The Food and Drug Administration issued 30 warning letters to telehealth companies for making “false or misleading claims” about GLP-1 products offered on their websites. The new batch of letters is the second round the agency has sent since September, and warns companies making claims of “sameness” with FDA-approved medicines while obscuring product sourcing. The announcement comes amid a broader crackdown on pharmaceutical ads by the agency and a recent step-up in threats against GLP-1 copycats after Hims & Hers’ short-lived attempt to launch a compounded version of Novo Nordisk’s Wegovy pill.

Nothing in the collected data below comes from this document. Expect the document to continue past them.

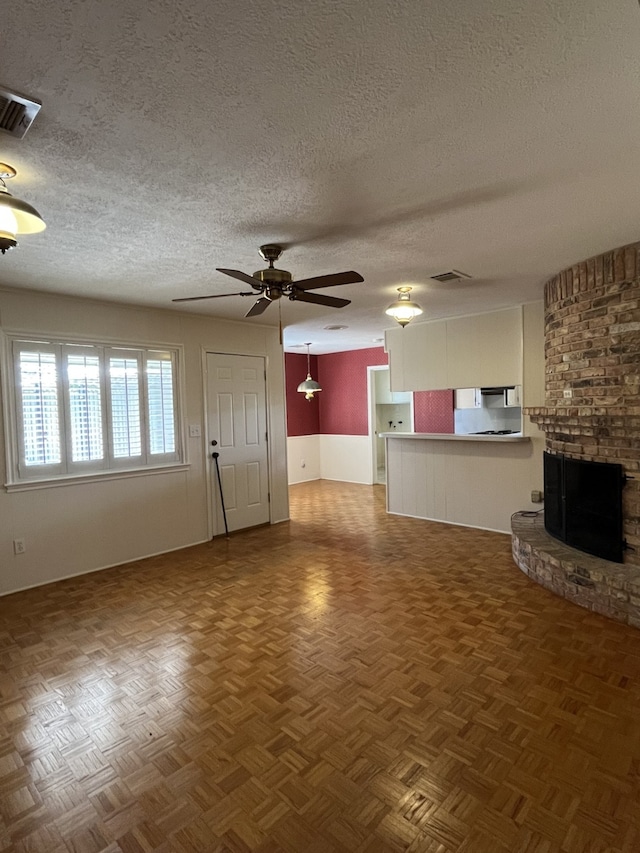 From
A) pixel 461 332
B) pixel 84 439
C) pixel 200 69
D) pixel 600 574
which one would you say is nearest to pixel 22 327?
pixel 84 439

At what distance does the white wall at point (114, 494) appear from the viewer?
3.85 m

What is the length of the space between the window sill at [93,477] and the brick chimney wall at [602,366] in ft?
11.9

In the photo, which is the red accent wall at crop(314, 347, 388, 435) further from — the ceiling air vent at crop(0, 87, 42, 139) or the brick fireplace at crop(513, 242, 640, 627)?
the ceiling air vent at crop(0, 87, 42, 139)

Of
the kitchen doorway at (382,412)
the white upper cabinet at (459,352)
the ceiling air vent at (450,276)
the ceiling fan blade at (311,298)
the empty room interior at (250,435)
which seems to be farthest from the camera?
the kitchen doorway at (382,412)

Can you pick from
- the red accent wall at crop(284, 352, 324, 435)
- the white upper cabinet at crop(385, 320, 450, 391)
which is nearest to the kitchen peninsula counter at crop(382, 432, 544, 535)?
the white upper cabinet at crop(385, 320, 450, 391)

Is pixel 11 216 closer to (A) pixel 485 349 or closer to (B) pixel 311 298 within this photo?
(B) pixel 311 298

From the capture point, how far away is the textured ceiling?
4.02 ft

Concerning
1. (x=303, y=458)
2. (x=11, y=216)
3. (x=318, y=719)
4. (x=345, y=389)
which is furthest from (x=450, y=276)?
(x=303, y=458)

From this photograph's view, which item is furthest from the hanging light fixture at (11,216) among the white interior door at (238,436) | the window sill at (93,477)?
the white interior door at (238,436)

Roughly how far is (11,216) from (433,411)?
6548 millimetres

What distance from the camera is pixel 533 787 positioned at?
173cm

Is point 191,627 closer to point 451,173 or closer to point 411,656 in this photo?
point 411,656

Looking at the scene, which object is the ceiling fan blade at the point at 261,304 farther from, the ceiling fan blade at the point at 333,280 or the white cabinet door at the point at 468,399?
the white cabinet door at the point at 468,399

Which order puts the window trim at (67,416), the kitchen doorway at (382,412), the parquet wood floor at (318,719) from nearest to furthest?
the parquet wood floor at (318,719) → the window trim at (67,416) → the kitchen doorway at (382,412) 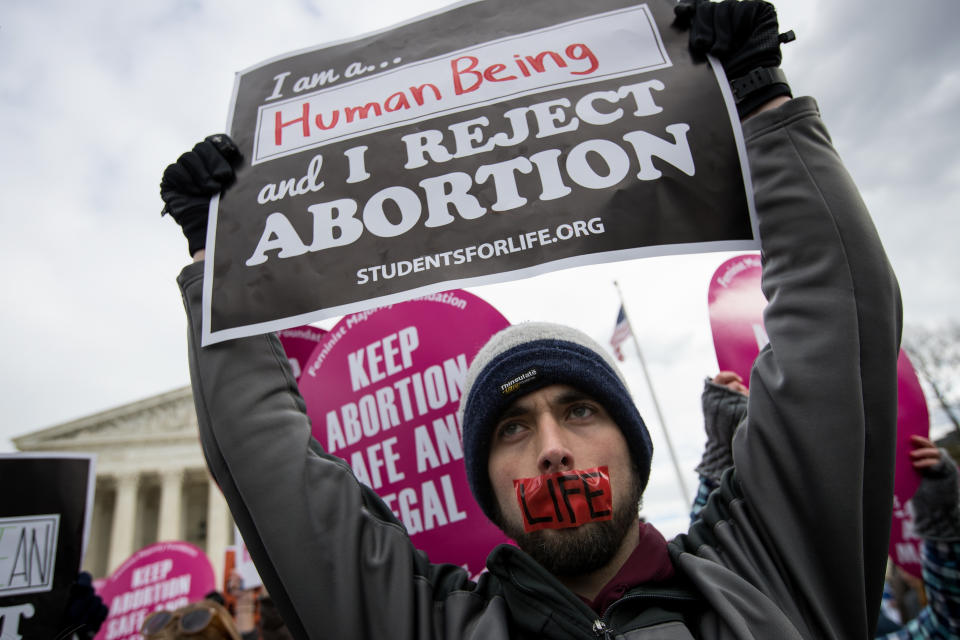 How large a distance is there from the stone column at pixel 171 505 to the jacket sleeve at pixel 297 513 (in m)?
34.7

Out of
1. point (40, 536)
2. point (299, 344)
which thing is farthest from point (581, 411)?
point (40, 536)

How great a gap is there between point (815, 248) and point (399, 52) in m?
1.38

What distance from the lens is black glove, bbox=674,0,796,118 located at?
4.89 feet

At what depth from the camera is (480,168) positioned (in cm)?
150

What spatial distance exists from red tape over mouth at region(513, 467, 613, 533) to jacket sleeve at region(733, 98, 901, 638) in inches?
14.9

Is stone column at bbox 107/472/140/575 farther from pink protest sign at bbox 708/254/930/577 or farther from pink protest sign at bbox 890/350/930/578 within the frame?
pink protest sign at bbox 890/350/930/578

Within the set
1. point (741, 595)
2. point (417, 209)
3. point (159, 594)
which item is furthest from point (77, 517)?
point (159, 594)

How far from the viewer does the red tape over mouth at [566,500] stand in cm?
127

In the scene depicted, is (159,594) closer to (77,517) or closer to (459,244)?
(77,517)

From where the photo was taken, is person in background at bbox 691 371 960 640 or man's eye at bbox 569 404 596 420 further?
person in background at bbox 691 371 960 640

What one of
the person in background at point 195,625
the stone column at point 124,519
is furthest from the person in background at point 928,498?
the stone column at point 124,519

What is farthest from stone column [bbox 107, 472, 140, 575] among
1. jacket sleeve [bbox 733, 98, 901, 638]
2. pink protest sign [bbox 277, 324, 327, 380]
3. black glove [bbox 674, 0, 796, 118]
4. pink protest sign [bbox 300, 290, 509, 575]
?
black glove [bbox 674, 0, 796, 118]

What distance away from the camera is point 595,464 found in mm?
1419

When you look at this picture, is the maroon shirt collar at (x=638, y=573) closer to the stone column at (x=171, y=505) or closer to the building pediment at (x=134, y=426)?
the building pediment at (x=134, y=426) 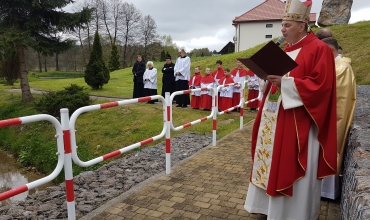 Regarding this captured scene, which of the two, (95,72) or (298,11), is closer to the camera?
(298,11)

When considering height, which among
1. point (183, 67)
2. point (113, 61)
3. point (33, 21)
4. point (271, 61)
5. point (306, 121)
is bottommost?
point (306, 121)

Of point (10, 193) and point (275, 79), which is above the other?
point (275, 79)

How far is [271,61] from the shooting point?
265 centimetres

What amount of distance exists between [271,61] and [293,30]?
1.36 feet

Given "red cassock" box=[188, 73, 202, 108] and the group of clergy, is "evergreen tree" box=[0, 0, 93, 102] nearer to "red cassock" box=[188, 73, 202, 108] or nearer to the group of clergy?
"red cassock" box=[188, 73, 202, 108]

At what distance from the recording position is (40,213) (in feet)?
12.6

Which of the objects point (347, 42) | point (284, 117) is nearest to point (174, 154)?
point (284, 117)

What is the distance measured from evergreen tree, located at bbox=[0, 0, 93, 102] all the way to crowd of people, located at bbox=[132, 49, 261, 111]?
4182mm

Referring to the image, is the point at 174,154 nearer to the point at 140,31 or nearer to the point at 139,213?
the point at 139,213

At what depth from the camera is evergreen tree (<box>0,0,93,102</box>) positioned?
43.1 ft

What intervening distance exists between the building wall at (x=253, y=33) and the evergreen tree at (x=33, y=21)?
96.8 feet

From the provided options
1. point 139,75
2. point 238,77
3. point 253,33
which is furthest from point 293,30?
point 253,33

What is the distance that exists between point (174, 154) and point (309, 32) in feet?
12.8

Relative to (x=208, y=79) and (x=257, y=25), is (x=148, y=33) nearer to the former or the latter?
(x=257, y=25) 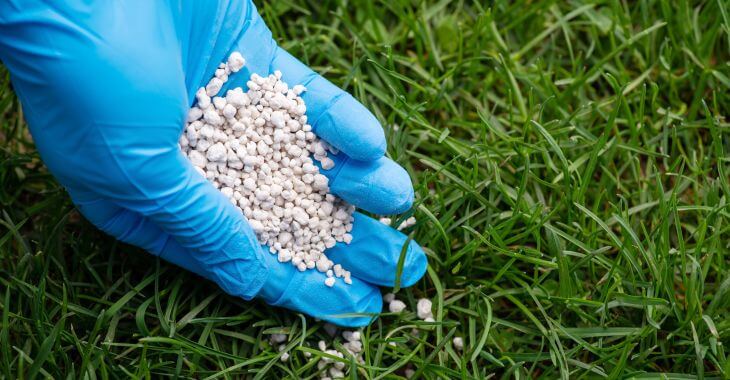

U.S. regulators on Monday also cleared Intellia Therapeutics to resume a Phase 3 trial evaluating one of its experimental gene editing treatments against transthyretin amyloidosis with cardiomyopathy, a progressive heart condition. The study is one of two late-stage trials that were paused last year following the death of a participant. Both have now been cleared to restart with new safeguards and, in the latest case, updating the study protocol to exclude patients with a recent history of certain heart problems. Intellia shares initially climbed by more than 10% before falling back.

A pulmonary arterial hypertension drug from United Therapeutics lowered the risk of patients’ disease worsening by 55% compared to a placebo in a Phase 3 trial, positioning the company to seek approval later this year. The drug, ralinepag, is a newer type of prostacyclin receptor agonist, a therapy designed to help widen blood vessels in people with the condition. The results “exceeded expectations” and “compare favorably” with what was observed in testing of another prostacyclin therapy, Johnson & Johnson’s Uptravi, wrote Leerink Partners’ Roanna Ruiz. United acquired ralinepag via a 2018 icensing deal with Arena Pharmaceuticals.

Health and Human Services Secretary Robert F. Kennedy Jr. appointed two new members to the key federal panel, ACIP, that guides U.S. vaccine policy. One new appointee is Sean Downing, a Florida-licensed primary care physician who works in concierge medicine. The other is Angelina Farrella, a pediatrician and owner of a medical practice in Webster, Texas. The two have joined a committee that’s been overhauled over the last year and since weakened multiple longstanding vaccine recommendations, drawing criticism from major medical organizations as well as, recently, a lawsuit from 15 Democrat-led states. The panel’s next meeting is scheduled for March 18.

Merck & Co. on Saturday detailed a pair of study results that could help broaden the use of its kidney cancer drug Welireg. In one study, adding Welireg to Merck’s immunotherapy Keytruda after surgery to remove a tumor reduced the risk of disease progression or death by 28% when compared to Keytruda alone. In the other, Welireg and Eisai’s Lenvima cut that same risk by 30% versus Exilixis’ Cabometyx in people who relapsed after treatment with Keytruda. The results, which Merck first announced without specifics last year, position the Welireg regimens to “rapidly become standard-of-care treatments” in their respective settings, wrote Leerink’s Daina Graybosch. The Leerink team is predicting more than $3.4 billion in U.S. peak sales for Welireg, which Merck acquired in a 2019 buyout.